Mit der Methode Design Thinking sollen Innovationen und bessere Produkte entwickelt werden. Was zeichnet diese Methode aus, die sich am Vorgehen von Architekten, Designern und Künstlern anlehnt?

Die Methode des Design Thinking will das Denken der kreativen und innovativen Berufe ins Bewusstsein rücken. Managerinnen und Manager sollen von kreativen Berufen, also zum Beispiel von Architekten, Designern und Künstlern lernen und so innovative und bessere Konzepte und Produkte entwickeln.

Design Thinking

Design Thinking ist eine Denkhaltung, Arbeitsweise, Einstellung, Methodensammlung und auch ein Innovationsprozess, der immer von den Menschen und ihren Bedürfnissen ausgeht. In dessen Verlauf werden verschiedene Kreativitätsmethoden angewendet, die divergierendes und konvergierendes Denken unterstützen.

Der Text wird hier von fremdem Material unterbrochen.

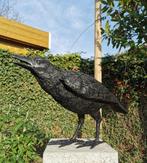 sculptuur, Lifelike Raven - 39 cm - Brons, Antiek en Kunst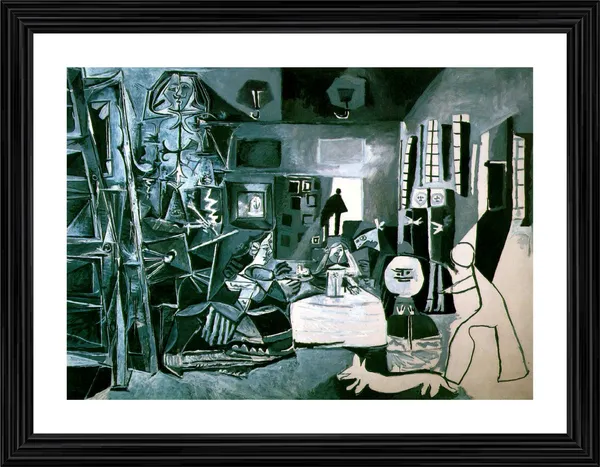 Las_Meninas_The_Maids_of_Honour_1957_,_A_Painting_by_Pablo_Picasso,_Framed,_Wall_Decor,_Multicolor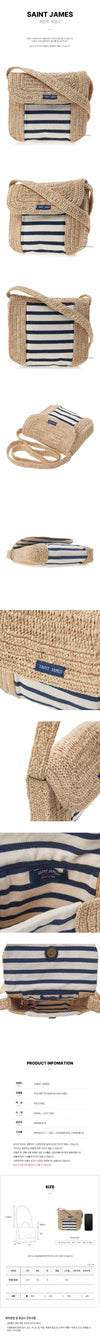 Saint James Natural Raffia Pouch SS25 136221171 [P]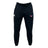 The EMB Canterbury University of Southern Indiana Women Leisure Sweatpant features a drawstring waist, recycled polyester fleece, a white CCC logo on the left thigh, and a winged emblem on the right thigh.
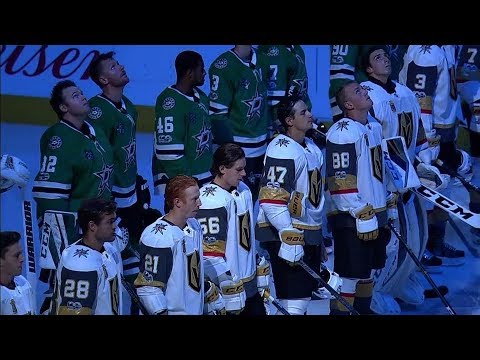 Stars stand with Golden Knights during moment of silence
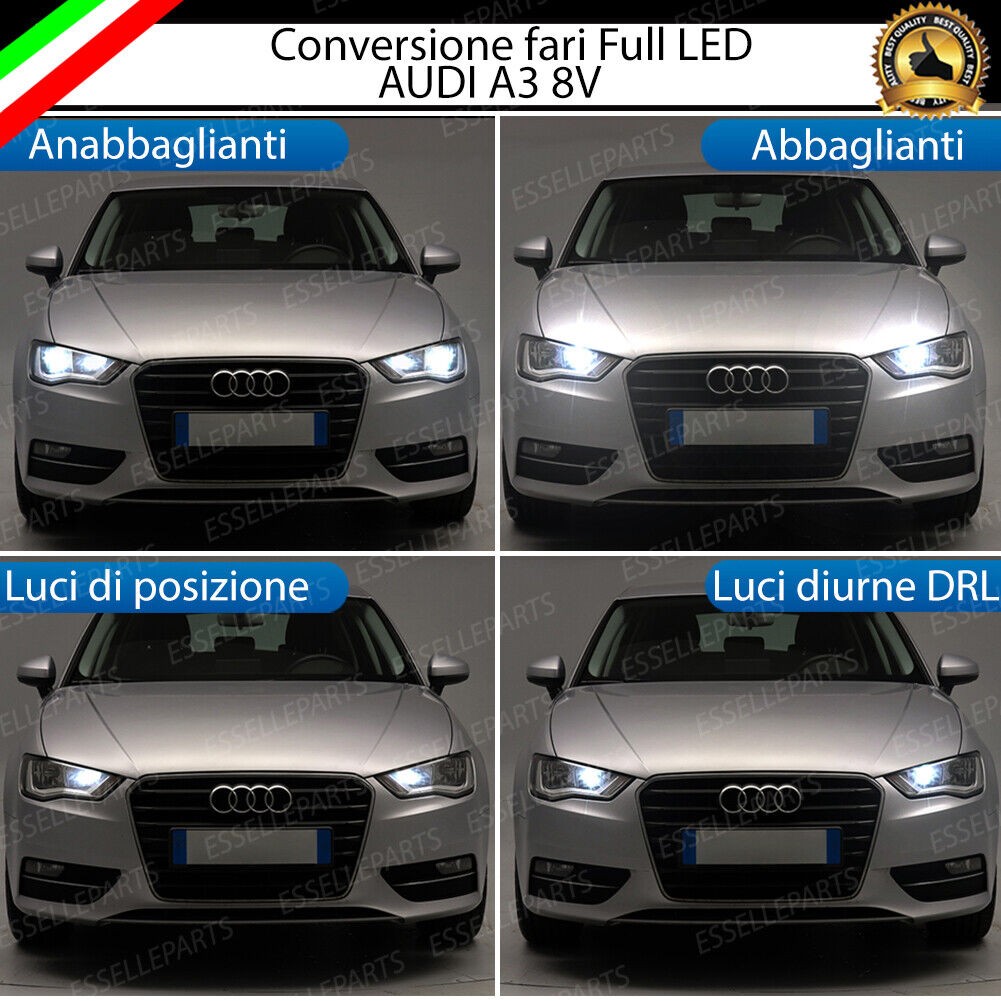 Luci Di Posizione 10 LED per Audi A3 8L luce bianca canbus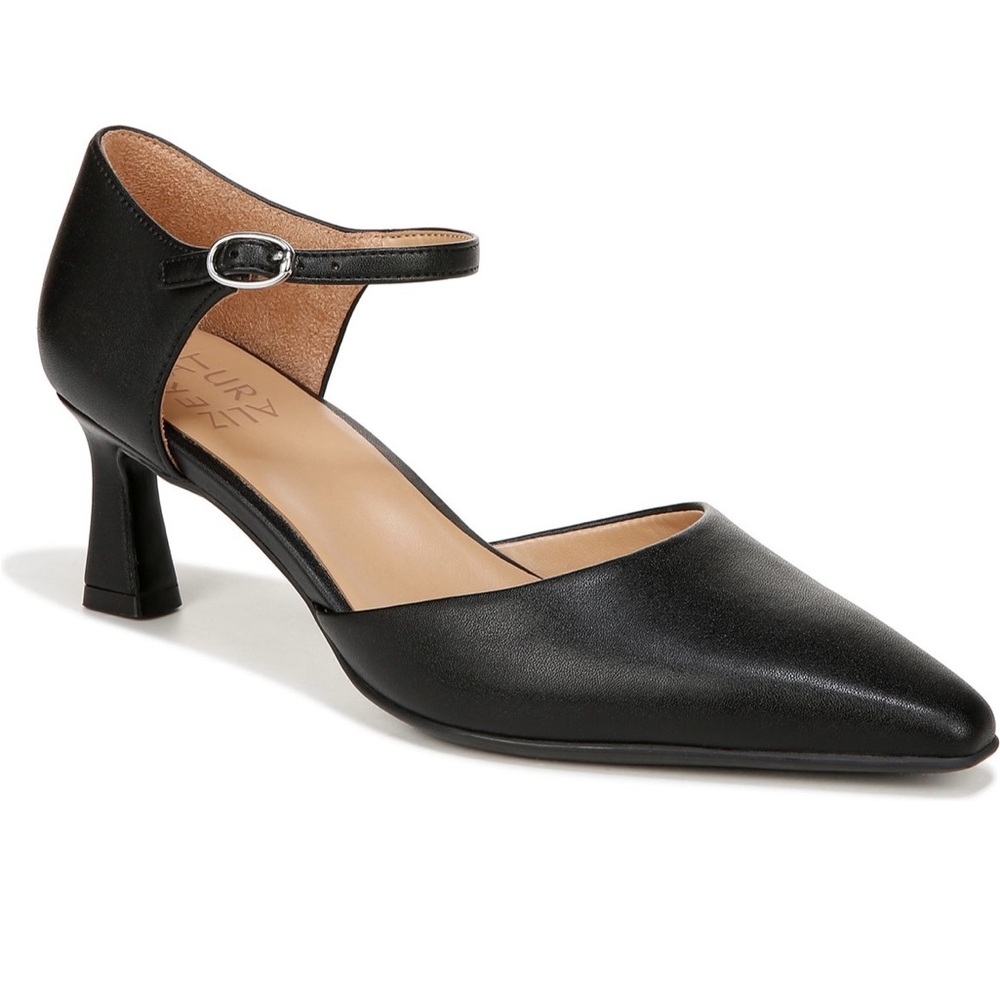 Naturalizer Black Ankle Strap Heels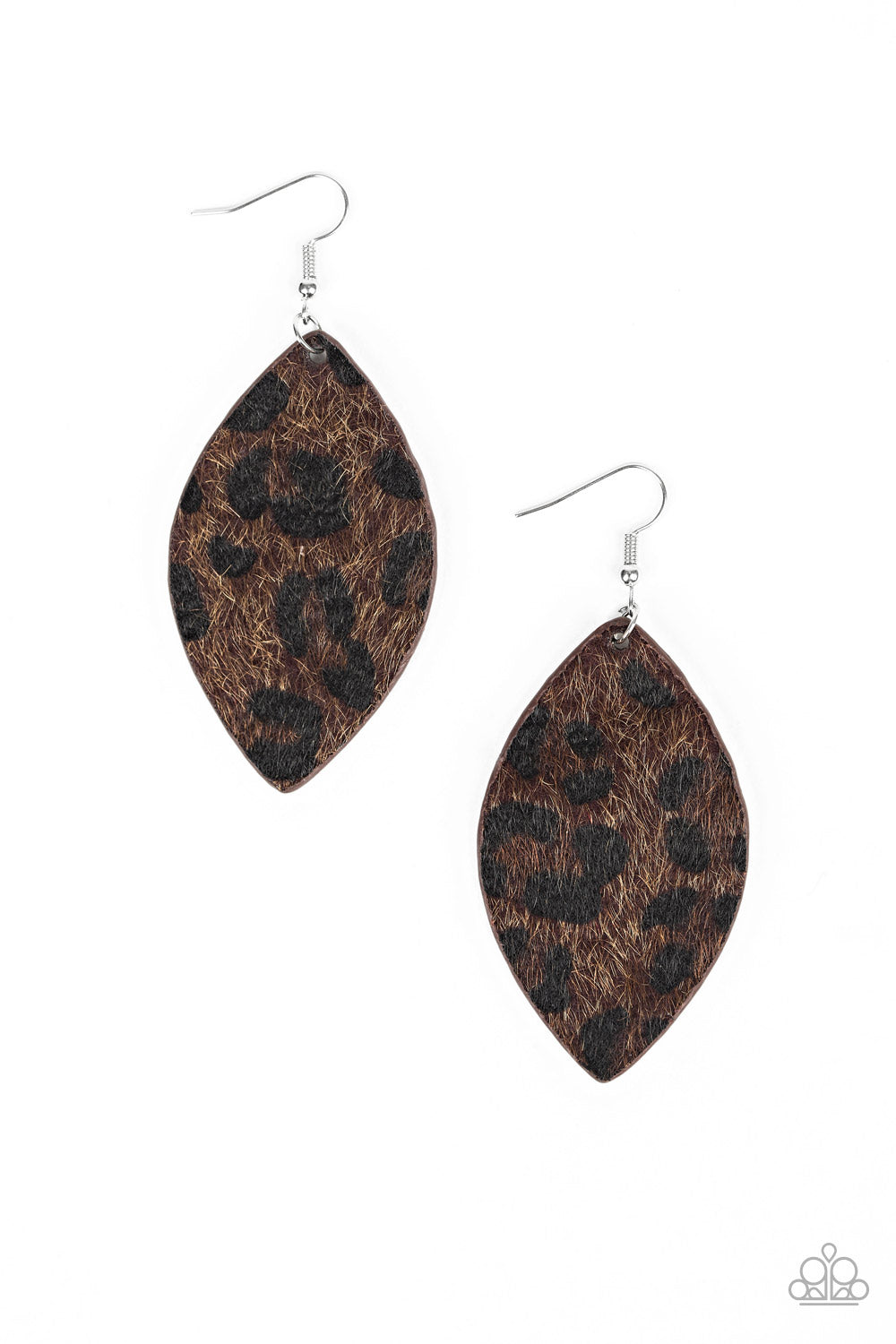 Grr-irl Power! - Brown - Paparazzi Earrings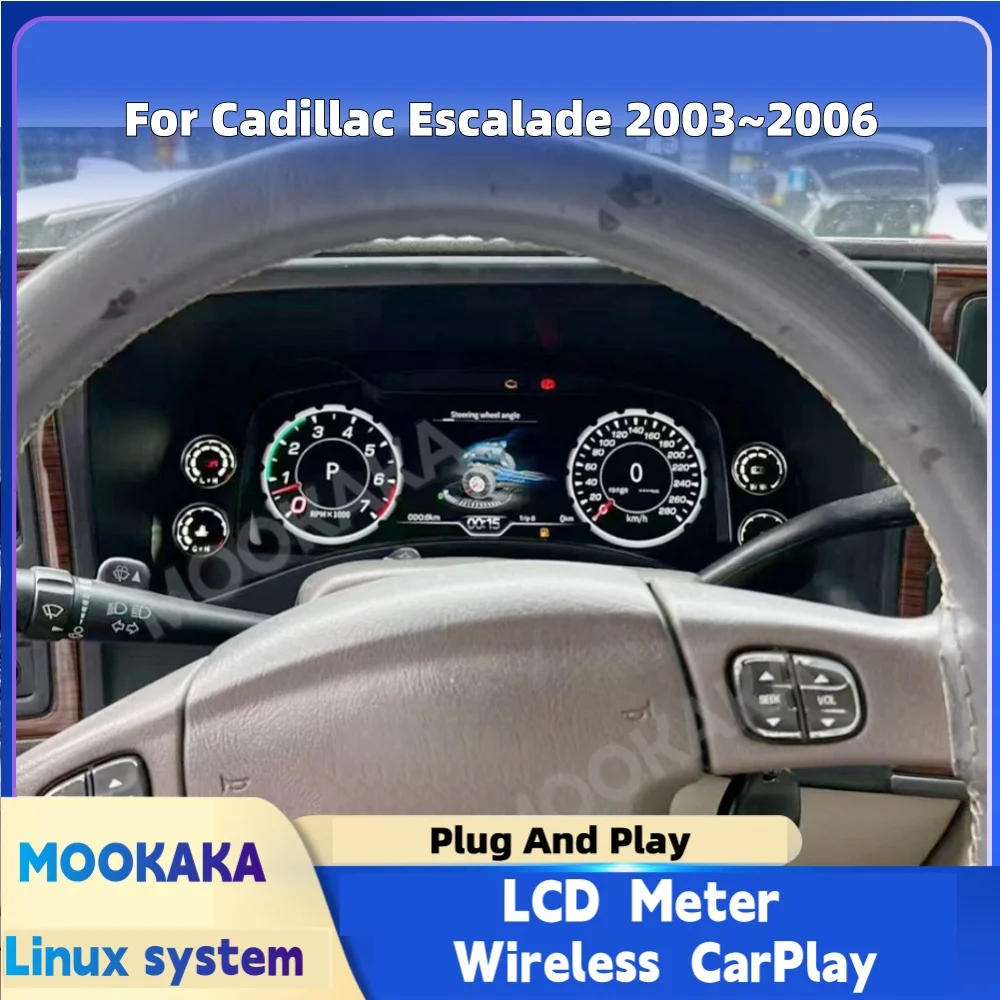 Digital Dashboard For Cadillac Escalade 2003 2004 2005 2006 Car Cluster LCD Meter Virtual Cockpit Digital Instrument Panel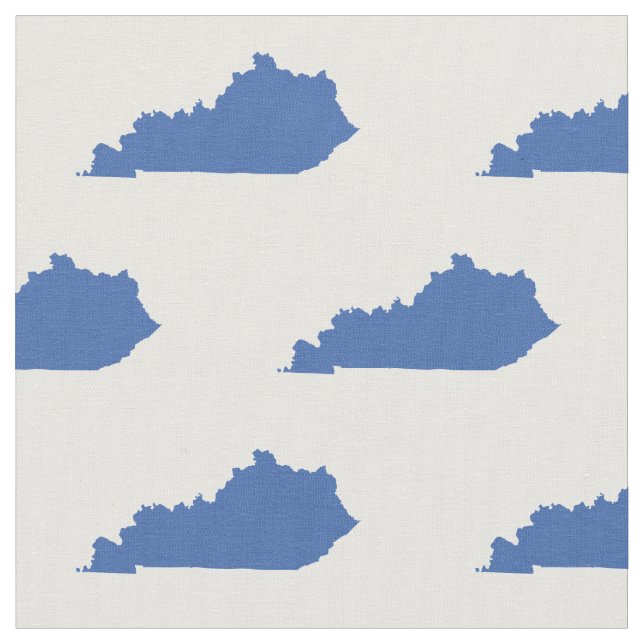 Kentucky State Mönster Blue Tyg (Närbild)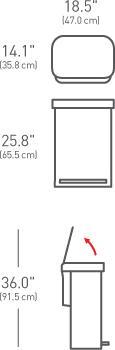 Produktbild Simplehuman Treteimer (55 l)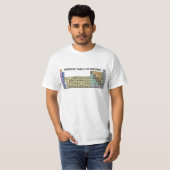Periodieke verjaringstabel t-shirt (Voorkant volledig)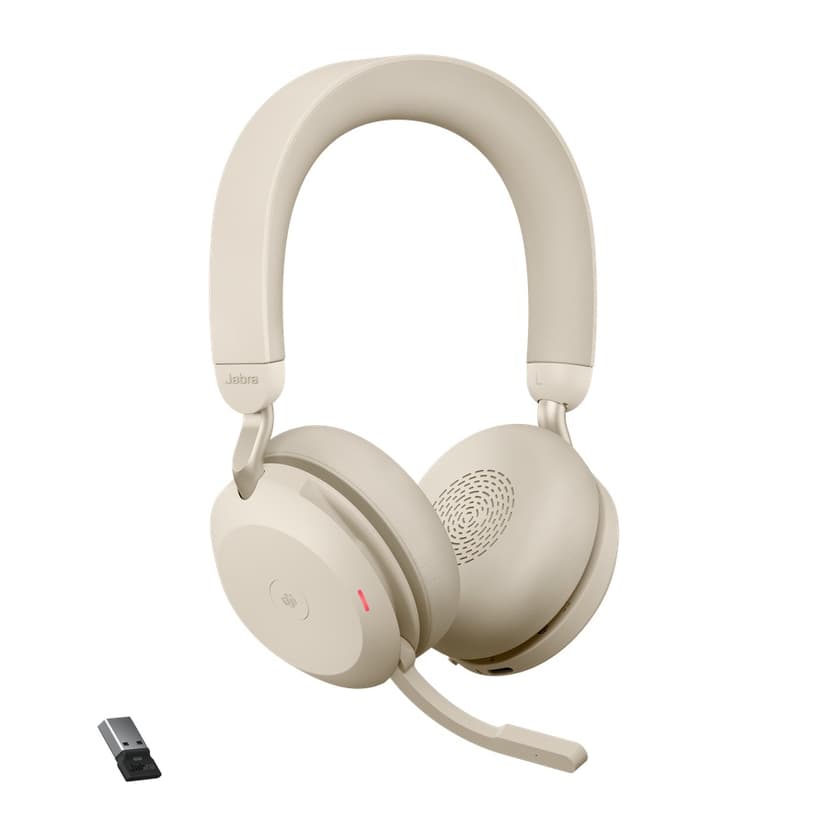 Jabra Evolve2 75 Stereo USB-A Microsoft Teams Beige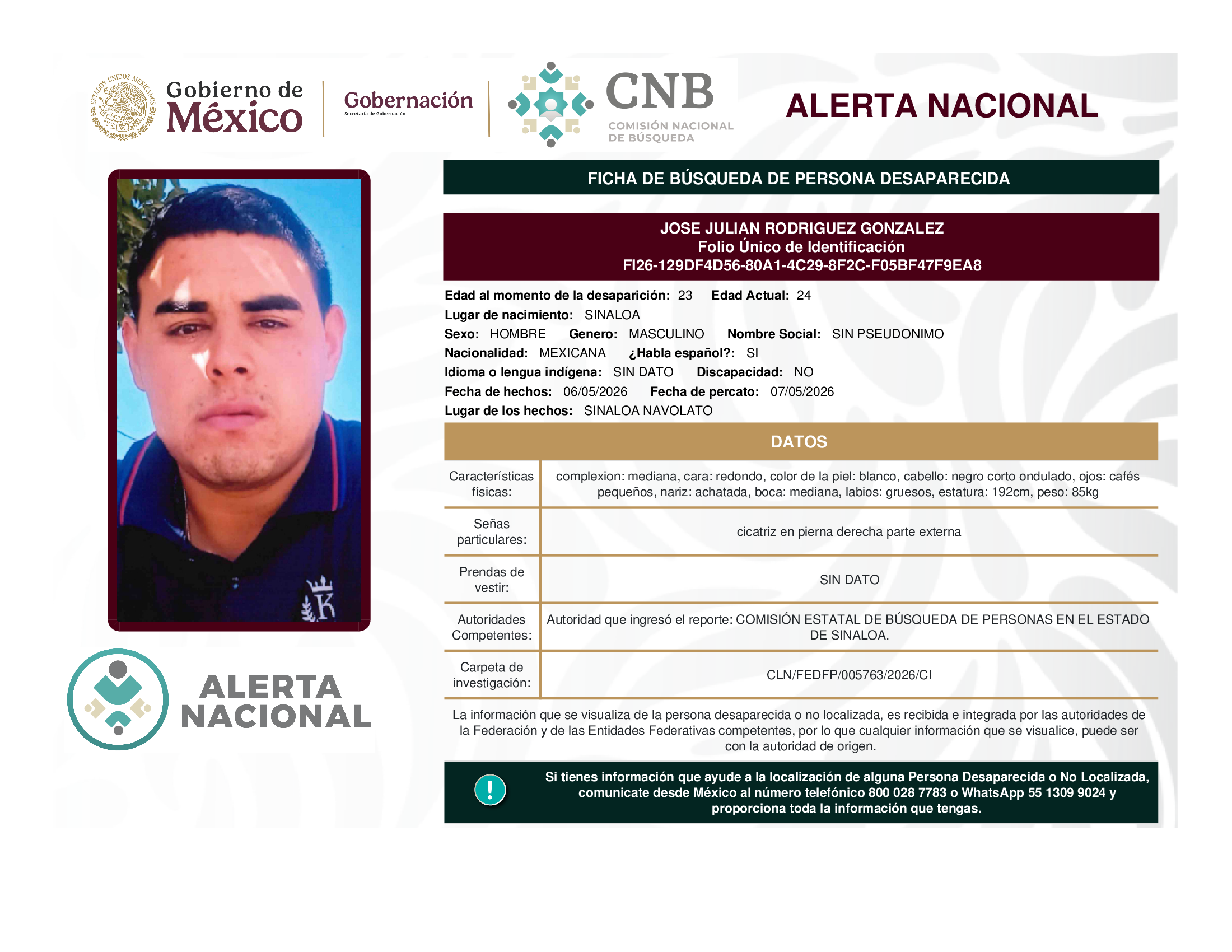 JOSE JULIAN RODRIGUEZ GONZALEZ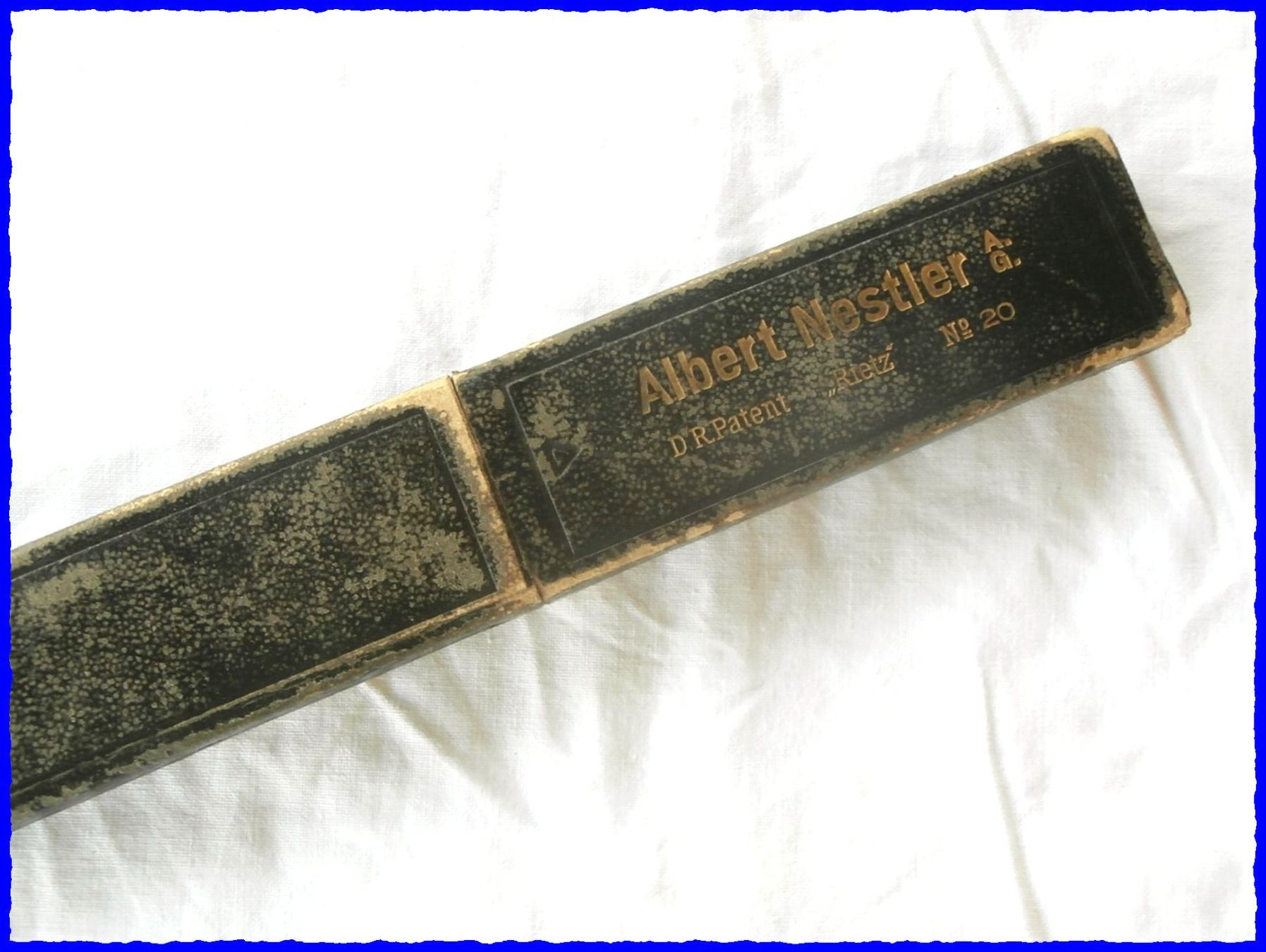 Calcolatrici tascabili: RECHENSCHIEBER - "NESTLER 20" - 30er-Jahren - D.R.P. – Usato da Worblaufen venduto da Re_mo81 9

Design Thinking besagt, man solle sich die Arbeitsweise und Vorgehensweise von kreativen Menschen wie Architekten, Designer oder Künstler anschauen und davon lernen. Design Thinking wird in der Ausbildung von Managern gelehrt und in Unternehmen als Modell für die Vorgehensweise bei der Produktentwicklung genutzt.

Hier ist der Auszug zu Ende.